Absolument pas ! Emmanuel Macron est dans la continuité de la pensée technocratique française. Huit impôts et taxes nouveaux en huit mois, c’est une banale politique étatiste, sûrement pas libérale. Avec la suppression de la taxe d’habitation, qui aura pour effet d’affaiblir les collectivités locales, ou le prélèvement à la source, qui renforce la Stasi fiscale, nous ne sommes pas dans la primauté accordée aux personnes, mais dans la mainmise toujours plus grande de l’État sur les libertés.

Il y a au moins une grande différence entre Emmanuel Macron et Louis-Philippe : le dernier n’est presque jamais évoqué dans votre livre, tandis qu’Emmanuel Macron semble étouffer tous ses collaborateurs et les membres de sa majorité. Qui seront les Thiers, les Guizot et autres Bastiat de l’ère Macron ?

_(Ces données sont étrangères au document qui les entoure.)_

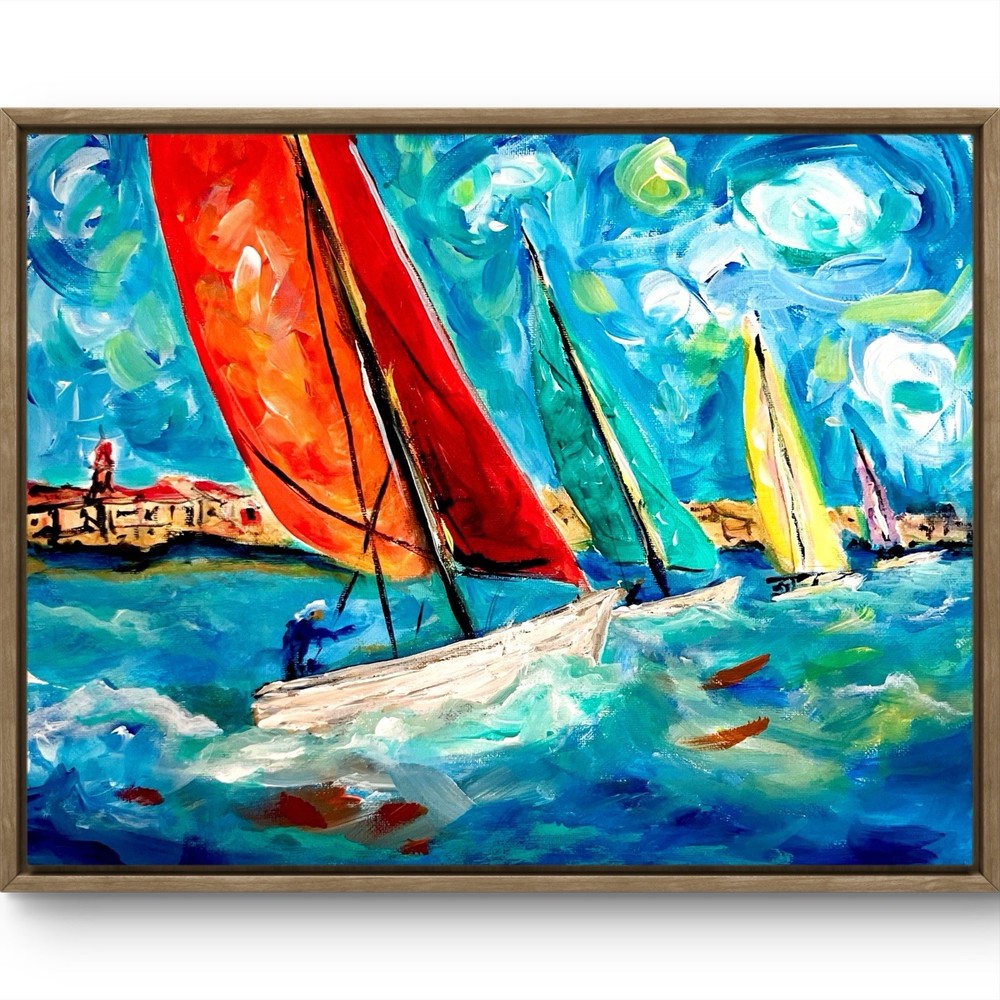 TITA PAINTZ Sailboat Race Impressionism Handmade Original Wall Art 11x14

Au gouvernement, on n’en trouvera pas beaucoup. Thiers, Guizot et Bastiat sont des intellectuels, de grands historiens pour les deux premiers. Rien à voir avec les technocrates de l’actuel gouvernement bien souvent incapables de penser l’ordre spontané de la société. La qualité d’un grand chef d’État, c’est de savoir s’entourer de ministres de grande valeur. C’est la marque que celui-ci maîtrise deux vertus indispensables au commandement : la magnanimité et l’humilité. En ayant comme ministre Guizot, Broglie, Thiers, Laffite ou le baron Louis, tous des hommes d’exception, Louis-Philippe s’inscrit parmi les grands chefs d’État de la France.